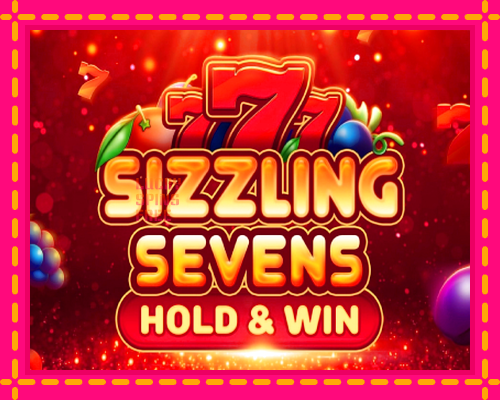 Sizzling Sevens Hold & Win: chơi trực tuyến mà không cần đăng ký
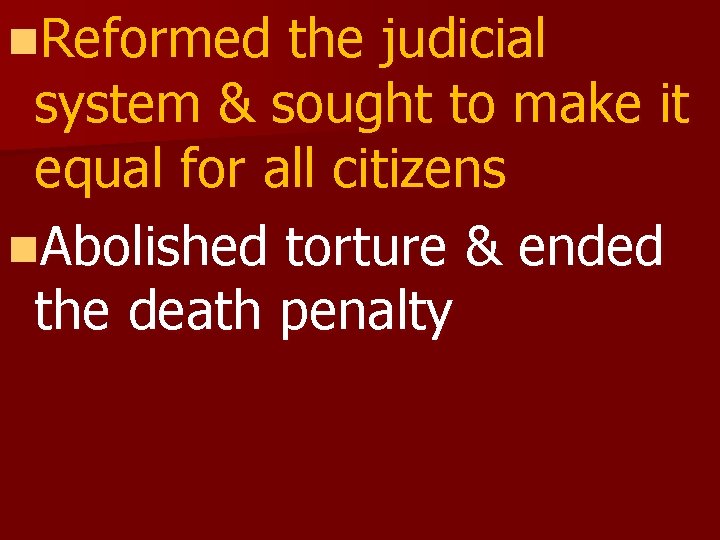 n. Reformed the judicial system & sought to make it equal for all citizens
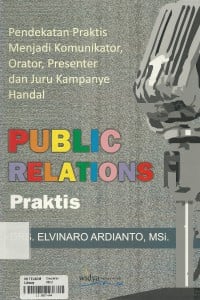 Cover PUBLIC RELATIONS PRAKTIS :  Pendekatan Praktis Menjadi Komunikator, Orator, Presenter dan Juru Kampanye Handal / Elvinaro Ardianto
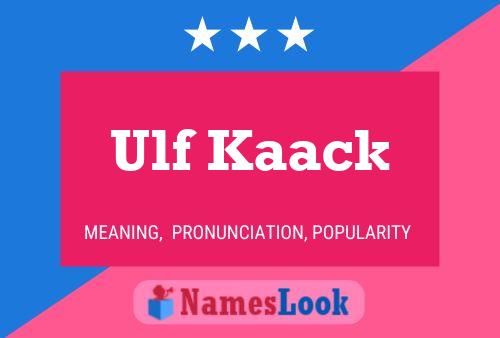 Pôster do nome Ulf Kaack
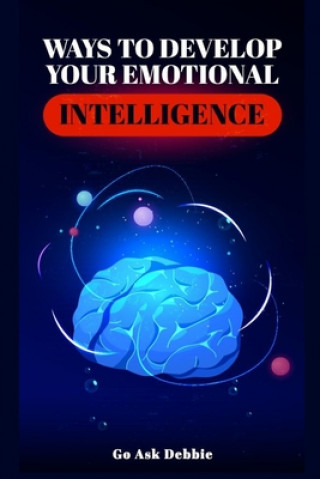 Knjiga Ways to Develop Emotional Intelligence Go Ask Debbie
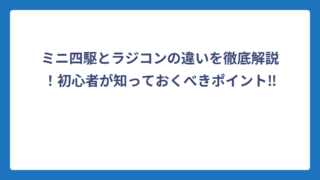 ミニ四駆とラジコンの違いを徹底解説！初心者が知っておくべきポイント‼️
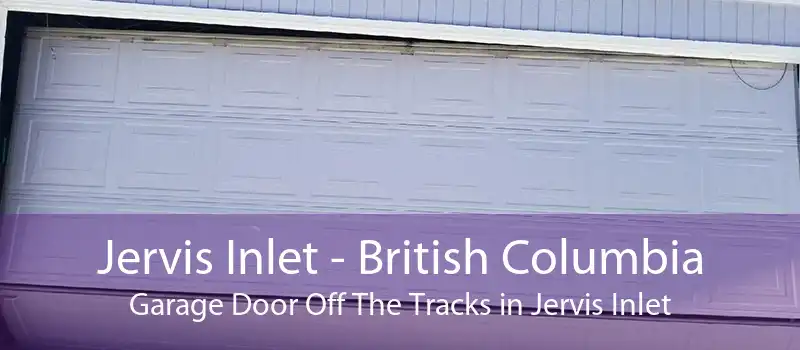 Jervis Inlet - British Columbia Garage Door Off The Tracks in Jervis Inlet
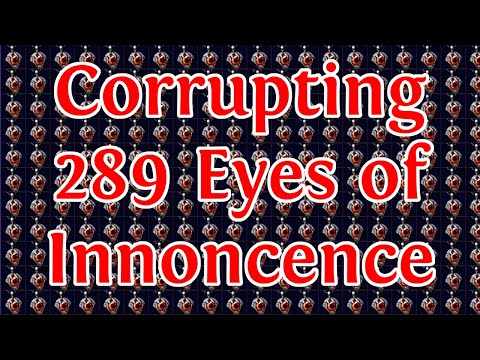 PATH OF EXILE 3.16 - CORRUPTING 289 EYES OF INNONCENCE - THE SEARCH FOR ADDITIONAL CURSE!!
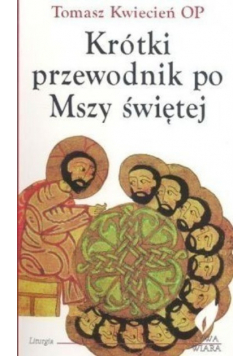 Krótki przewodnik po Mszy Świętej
============================================================
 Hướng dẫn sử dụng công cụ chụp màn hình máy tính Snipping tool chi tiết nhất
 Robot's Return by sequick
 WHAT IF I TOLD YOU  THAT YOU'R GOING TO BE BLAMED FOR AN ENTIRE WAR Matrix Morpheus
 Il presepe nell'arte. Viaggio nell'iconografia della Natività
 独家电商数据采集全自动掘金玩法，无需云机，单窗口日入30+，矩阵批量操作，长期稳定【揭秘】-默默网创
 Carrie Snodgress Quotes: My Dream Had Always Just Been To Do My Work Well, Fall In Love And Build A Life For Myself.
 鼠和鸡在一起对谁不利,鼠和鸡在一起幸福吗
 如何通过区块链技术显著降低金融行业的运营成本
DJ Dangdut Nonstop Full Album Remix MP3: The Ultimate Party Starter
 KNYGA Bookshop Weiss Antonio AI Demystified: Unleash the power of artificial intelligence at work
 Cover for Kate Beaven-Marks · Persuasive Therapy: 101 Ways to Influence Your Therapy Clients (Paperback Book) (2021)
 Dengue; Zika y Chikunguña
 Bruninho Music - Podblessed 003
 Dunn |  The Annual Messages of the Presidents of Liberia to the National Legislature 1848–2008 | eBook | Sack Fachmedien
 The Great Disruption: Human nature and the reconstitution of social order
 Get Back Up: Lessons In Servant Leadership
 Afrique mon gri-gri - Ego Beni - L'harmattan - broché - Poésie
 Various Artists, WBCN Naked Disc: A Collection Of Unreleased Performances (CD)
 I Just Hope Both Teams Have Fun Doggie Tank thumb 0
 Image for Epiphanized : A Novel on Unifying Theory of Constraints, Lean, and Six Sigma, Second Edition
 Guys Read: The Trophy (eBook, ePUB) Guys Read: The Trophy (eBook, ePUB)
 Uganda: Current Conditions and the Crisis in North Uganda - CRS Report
============================================================
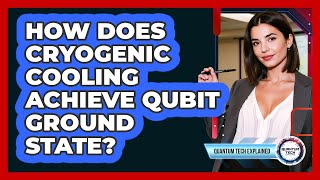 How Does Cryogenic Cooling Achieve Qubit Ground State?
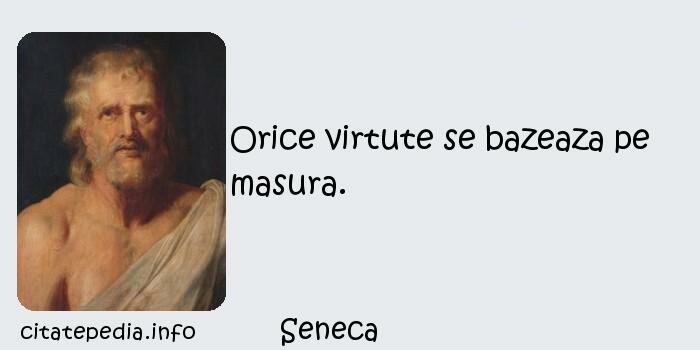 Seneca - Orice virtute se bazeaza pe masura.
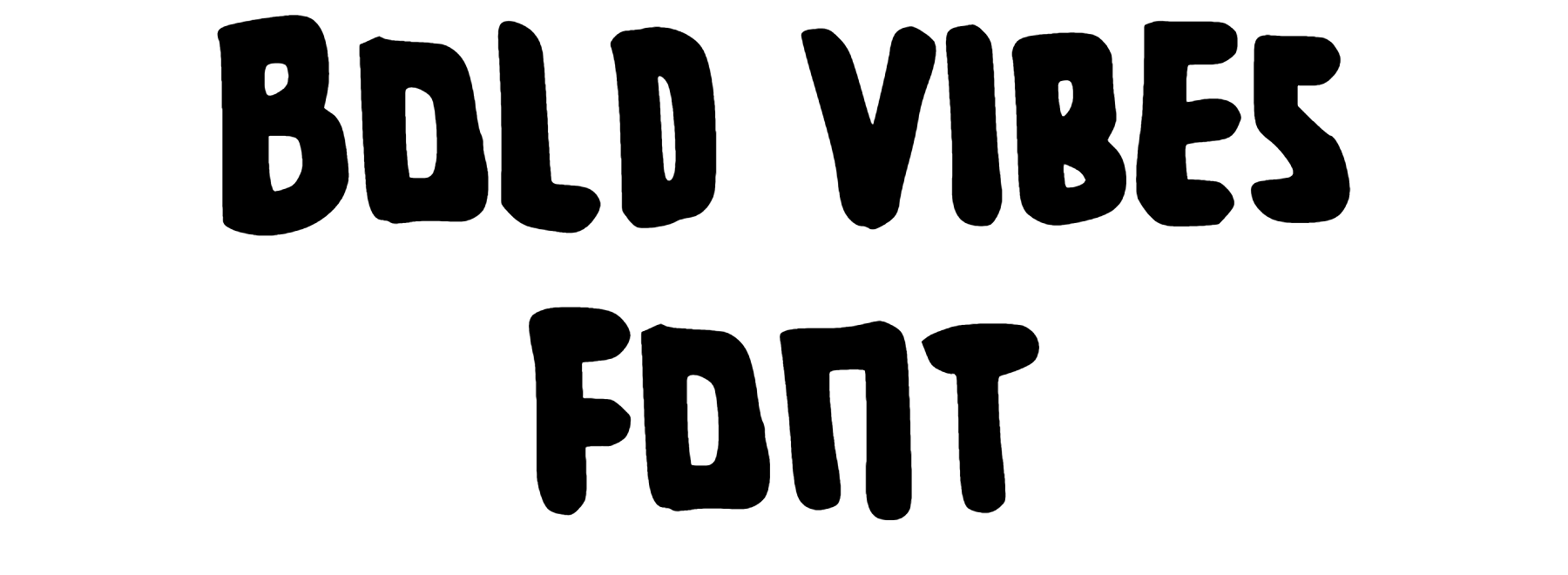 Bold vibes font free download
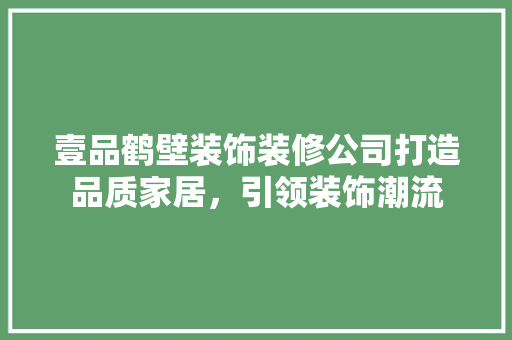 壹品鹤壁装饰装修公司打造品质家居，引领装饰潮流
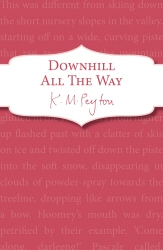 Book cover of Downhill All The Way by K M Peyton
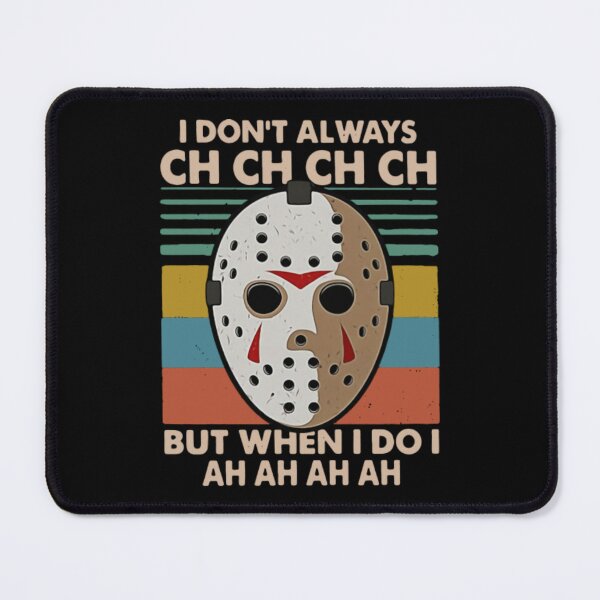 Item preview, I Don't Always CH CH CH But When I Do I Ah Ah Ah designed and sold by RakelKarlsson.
============================================================
Using the records above, restate word for word the lines from the one with "DJ Dangdut Nonstop" through the one with "KNYGA Bookshop Weiss", both included.

DJ Dangdut Nonstop Full Album Remix MP3: The Ultimate Party Starter
 KNYGA Bookshop Weiss Antonio AI Demystified: Unleash the power of artificial intelligence at work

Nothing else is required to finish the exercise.